On Friday, Oct. 17, RIT’s College of Applied Science and Technology will dedicate TRILE—the Technology Rich Interactive Learning Environment classroom—in a ceremony and demonstration from 12:30 to 1:45 p.m. in Brown Hall, Room 1110.
Robert Garrick, associate professor in CAST’s School of Engineering Technology, led the development of the interactive classroom as well as research on its effectiveness.
The new learning environment is a means to transform education from predominantly lecture to more active learning, where students, especially those with lower GPAs or from under-represented groups, benefit from this non-traditional classroom setting.
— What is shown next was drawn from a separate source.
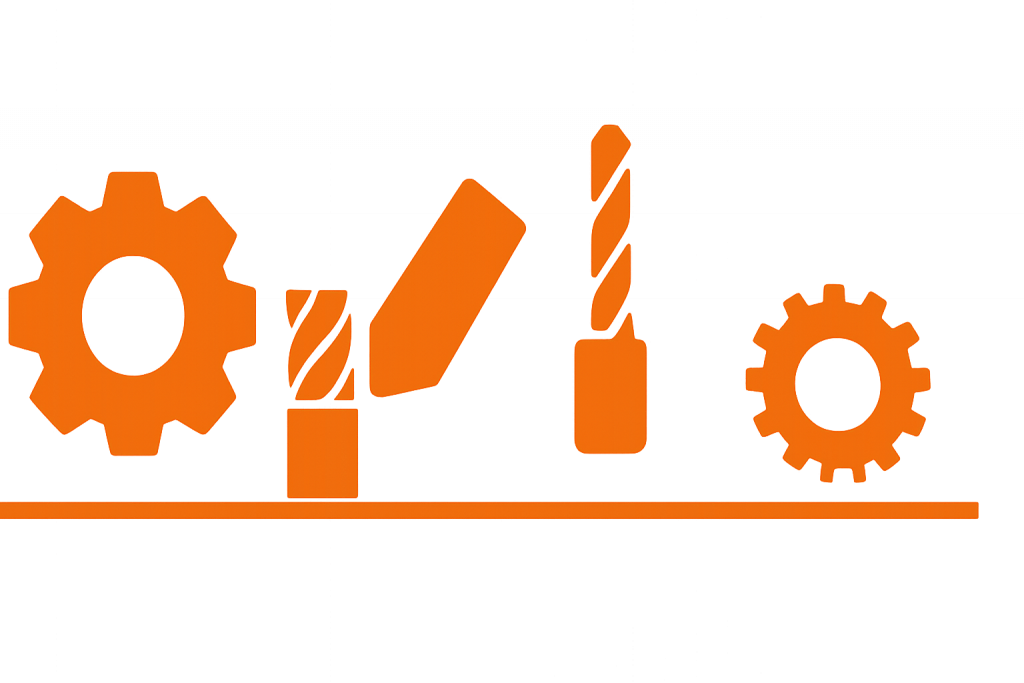 Orange CNC tool and gear icons in a wide transparent layout for Micromax branding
Being successful in coursework increases the likelihood students will be retained in academic degree programs, graduate and eventually move into viable careers, said Garrick.
“The new TRILE space is unique in that it has 10 projectors to increase the visualization of material, 30 tablet computers, cameras and eight interactive white-boards to allow students to actively participate in their learning by digitally-inking problem solutions while working in groups,” said Garrick.
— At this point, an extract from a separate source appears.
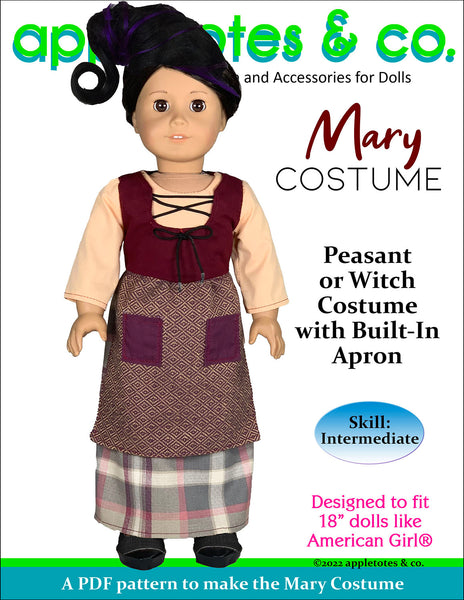 Mary Costume 18 Inch Doll Sewing Pattern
The new Technology Rich Interactive Learning Environment being showcased also includes interactive software integrated with instructional materials in a shared, online workspace, as well as embedded video links to real applications of the course concepts, increased interactive activities to highlight different approaches to successfully complete problems and immediate feedback and retrieval of information from class sessions.
Using these various types of immersive technologies and collaborative software, the research team has seen increased academic performance particularly from those who have struggled academically, according to Garrick’s research. It has also increased retention rates particularly for students who would have been among those withdrawing from the courses.
“The ongoing and future challenge for educators will be selecting and integrating immersive classroom technologies to enhance proven pedagogical principles,” said Garrick, who worked with faculty within CAST’s School of Engineering Technology and in the mechanical engineering department in RIT’s Kate Gleason College of Engineering as well as with representatives from the University of Rochester’s Warner School of Education.
The Technology Rich Interactive Learning Environment was funded through the National Science Foundation’s Research Initiation Grants in Engineering Education program grant and an Innovative Learning Institute grant from RIT. The institute helps to coordinate development and adoption of effective teaching and learning through multiple means, including, in this instance, classroom innovation.
Note: RIT recently opened another innovative learning space, the Steelcase Innovation Learning Classroom, as part of the university’s ongoing efforts toward more interactive teaching and learning environments.